**YOUR OBJECTIVE**
Give back the listing in full and exactly, leaving out the images.

**DATASET EXTRACT**
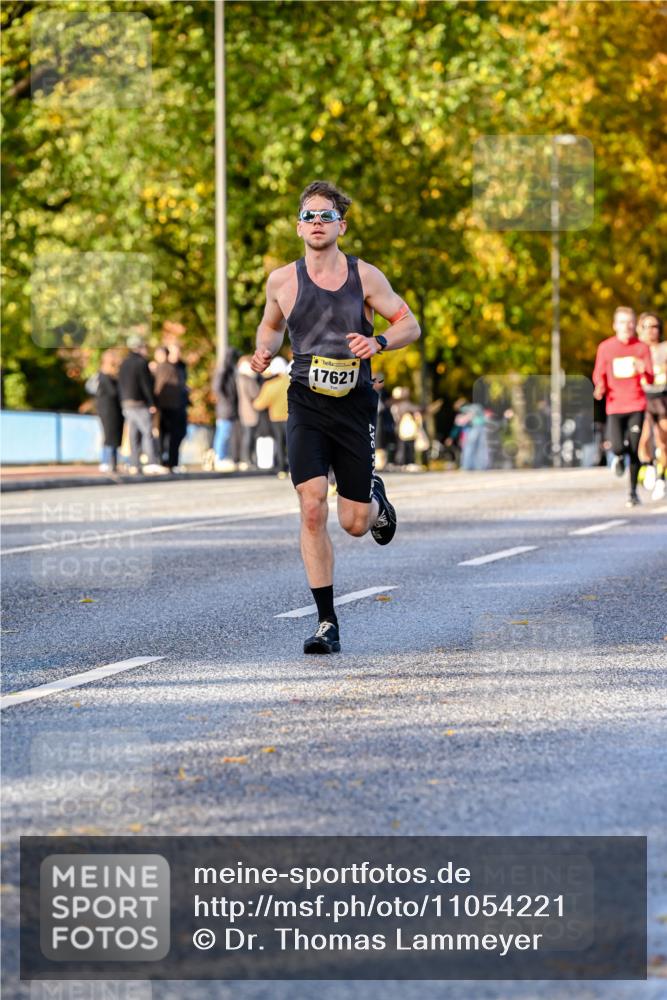 25.10.2026 - hella hamburg halbmarathon Dr. Thomas Lammeyer http://msf.ph/oto/11054221 25.10.2026 10:17:33 Kennedybrücke 17621 meine-sportfotos.de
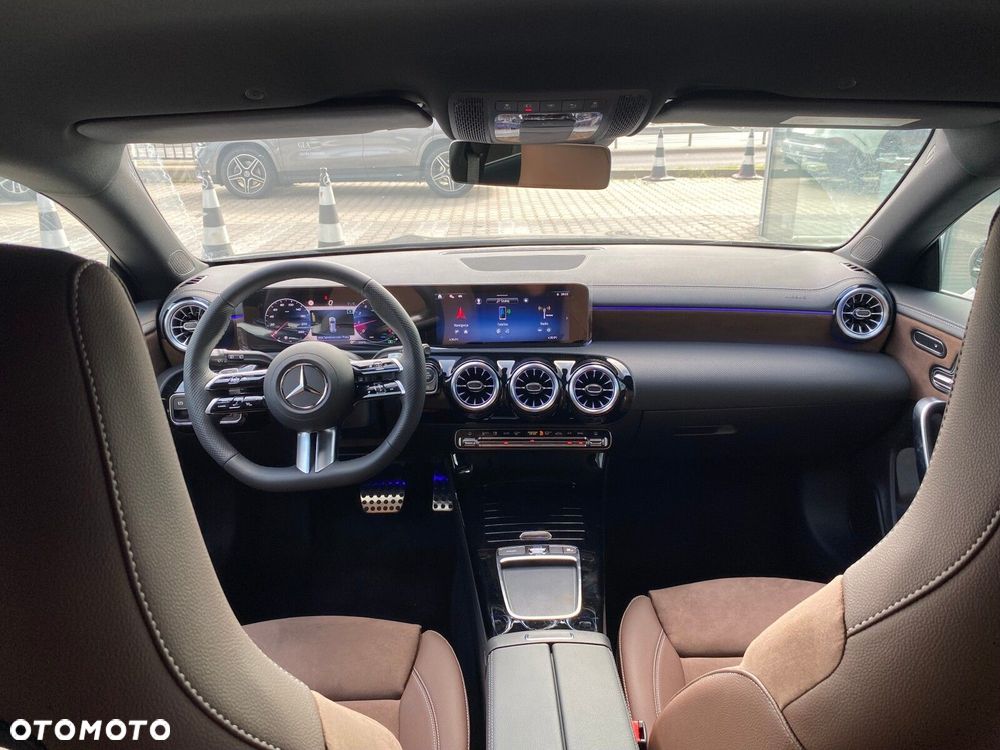 Mercedes-Benz CLA - 26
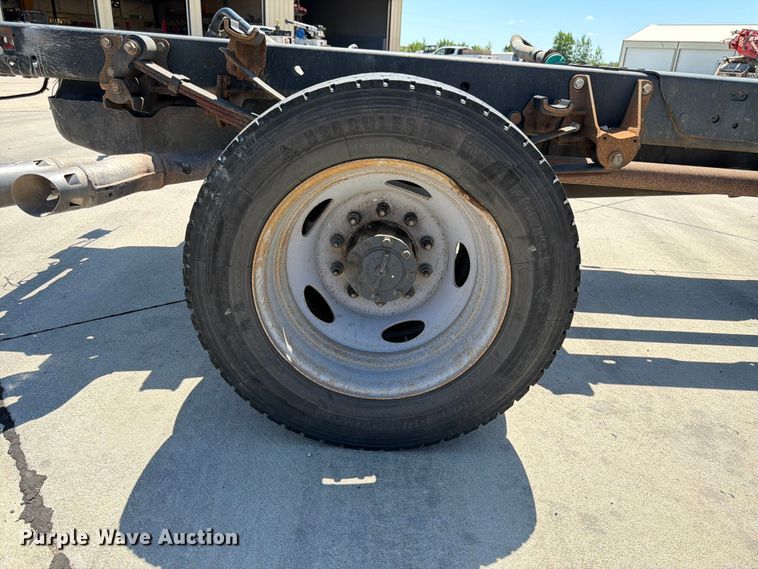 image for item DQ7842 2019 Ford F-450 truck cab and chassis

**EXERCISE SOLUTION**
 25.10.2026 - hella hamburg halbmarathon Dr. Thomas Lammeyer http://msf.ph/oto/11054221 25.10.2026 10:17:33 Kennedybrücke 17621 meine-sportfotos.de
 Mercedes-Benz CLA - 26
 image for item DQ7842 2019 Ford F-450 truck cab and chassis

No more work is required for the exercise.